Supplied material START

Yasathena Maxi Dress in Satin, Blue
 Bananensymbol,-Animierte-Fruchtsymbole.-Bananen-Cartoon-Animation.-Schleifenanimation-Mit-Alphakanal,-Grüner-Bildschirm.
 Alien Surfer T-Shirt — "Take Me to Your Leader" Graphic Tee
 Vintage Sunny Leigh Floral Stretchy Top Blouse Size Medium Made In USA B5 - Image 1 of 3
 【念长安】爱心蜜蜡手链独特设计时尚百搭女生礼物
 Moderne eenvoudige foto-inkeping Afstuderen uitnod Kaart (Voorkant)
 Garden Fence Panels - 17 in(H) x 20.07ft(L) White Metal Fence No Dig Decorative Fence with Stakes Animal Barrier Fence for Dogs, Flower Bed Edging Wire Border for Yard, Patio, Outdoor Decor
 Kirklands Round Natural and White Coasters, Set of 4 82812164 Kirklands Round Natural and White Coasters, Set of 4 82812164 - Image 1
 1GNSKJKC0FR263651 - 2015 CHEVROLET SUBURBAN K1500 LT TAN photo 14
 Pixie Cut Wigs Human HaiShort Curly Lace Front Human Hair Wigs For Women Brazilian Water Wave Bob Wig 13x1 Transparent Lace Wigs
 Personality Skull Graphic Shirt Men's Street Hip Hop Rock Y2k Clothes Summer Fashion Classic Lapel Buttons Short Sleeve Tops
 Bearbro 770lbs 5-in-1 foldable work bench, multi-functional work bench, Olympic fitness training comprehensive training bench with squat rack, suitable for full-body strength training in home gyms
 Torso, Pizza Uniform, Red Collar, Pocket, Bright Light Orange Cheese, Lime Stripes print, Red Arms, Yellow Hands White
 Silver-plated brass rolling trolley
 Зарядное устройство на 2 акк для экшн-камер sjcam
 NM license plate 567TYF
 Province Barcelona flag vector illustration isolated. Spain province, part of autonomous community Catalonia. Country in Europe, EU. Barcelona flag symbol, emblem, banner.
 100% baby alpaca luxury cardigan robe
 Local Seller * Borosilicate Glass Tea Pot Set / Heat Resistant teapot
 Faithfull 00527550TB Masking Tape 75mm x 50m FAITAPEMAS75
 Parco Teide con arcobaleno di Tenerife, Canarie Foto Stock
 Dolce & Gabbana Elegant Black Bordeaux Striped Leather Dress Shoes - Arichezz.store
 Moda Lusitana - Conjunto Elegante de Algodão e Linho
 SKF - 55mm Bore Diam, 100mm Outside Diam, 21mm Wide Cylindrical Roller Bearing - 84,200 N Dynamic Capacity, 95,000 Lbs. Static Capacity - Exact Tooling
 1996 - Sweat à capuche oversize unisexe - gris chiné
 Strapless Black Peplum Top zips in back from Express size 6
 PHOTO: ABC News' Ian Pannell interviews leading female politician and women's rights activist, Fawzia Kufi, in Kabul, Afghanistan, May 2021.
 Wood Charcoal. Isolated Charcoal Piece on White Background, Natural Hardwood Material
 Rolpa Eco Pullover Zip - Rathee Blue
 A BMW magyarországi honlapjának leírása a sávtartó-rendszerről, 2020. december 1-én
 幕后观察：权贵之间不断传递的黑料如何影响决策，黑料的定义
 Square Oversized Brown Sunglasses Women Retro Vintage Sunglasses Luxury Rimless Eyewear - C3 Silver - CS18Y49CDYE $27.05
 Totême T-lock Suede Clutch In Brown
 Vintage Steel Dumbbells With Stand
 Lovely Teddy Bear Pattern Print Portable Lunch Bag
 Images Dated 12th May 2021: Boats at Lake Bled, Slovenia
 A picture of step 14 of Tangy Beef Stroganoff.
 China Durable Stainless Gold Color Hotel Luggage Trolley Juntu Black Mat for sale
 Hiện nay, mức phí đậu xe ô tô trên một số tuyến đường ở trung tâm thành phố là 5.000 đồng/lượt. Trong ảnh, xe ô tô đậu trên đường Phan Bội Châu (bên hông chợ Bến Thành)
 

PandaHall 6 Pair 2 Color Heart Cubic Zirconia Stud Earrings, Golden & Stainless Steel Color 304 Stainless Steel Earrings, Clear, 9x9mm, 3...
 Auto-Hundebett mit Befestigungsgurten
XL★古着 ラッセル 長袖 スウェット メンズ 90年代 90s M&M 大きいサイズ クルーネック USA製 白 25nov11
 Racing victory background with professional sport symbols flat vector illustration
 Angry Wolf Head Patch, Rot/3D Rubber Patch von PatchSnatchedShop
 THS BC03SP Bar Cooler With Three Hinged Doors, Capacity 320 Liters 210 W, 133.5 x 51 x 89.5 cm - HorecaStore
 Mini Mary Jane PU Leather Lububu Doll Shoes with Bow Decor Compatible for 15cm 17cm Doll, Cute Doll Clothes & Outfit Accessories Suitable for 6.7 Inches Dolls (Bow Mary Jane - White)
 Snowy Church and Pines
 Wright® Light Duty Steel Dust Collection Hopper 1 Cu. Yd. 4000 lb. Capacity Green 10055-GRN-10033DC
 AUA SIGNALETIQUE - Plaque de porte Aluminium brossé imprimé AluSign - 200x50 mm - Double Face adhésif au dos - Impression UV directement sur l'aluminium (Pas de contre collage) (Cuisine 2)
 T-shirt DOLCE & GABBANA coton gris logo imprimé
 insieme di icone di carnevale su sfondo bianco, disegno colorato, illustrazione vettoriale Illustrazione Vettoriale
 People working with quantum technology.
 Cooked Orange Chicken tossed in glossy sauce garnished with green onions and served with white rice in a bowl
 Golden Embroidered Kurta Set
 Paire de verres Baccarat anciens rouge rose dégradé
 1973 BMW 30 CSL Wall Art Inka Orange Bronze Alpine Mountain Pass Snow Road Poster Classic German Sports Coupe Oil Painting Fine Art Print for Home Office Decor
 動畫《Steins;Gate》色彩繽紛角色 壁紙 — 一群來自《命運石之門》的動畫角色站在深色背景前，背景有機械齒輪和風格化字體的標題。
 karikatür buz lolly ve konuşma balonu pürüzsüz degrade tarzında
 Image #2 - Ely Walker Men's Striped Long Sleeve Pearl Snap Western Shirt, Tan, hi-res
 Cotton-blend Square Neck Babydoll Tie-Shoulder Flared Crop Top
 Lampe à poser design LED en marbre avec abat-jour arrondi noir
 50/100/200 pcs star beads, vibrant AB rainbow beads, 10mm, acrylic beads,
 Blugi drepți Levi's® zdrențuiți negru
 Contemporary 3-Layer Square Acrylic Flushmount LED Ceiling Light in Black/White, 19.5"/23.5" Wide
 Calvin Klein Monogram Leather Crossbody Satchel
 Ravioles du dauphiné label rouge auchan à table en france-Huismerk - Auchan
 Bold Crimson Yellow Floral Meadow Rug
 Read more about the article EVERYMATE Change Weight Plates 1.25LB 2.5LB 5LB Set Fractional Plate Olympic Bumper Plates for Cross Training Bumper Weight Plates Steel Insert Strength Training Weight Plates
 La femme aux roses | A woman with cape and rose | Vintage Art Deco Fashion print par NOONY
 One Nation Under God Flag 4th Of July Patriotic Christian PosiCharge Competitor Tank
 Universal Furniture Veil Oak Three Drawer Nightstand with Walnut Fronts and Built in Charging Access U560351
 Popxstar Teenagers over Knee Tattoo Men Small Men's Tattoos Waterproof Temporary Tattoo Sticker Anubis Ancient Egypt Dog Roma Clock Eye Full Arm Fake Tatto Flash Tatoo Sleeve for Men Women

Supplied material END

> **Your goal**
Number of lines holding "vector" in the listing above: work it out and give that number alone.

> **Reply to the exercise**
2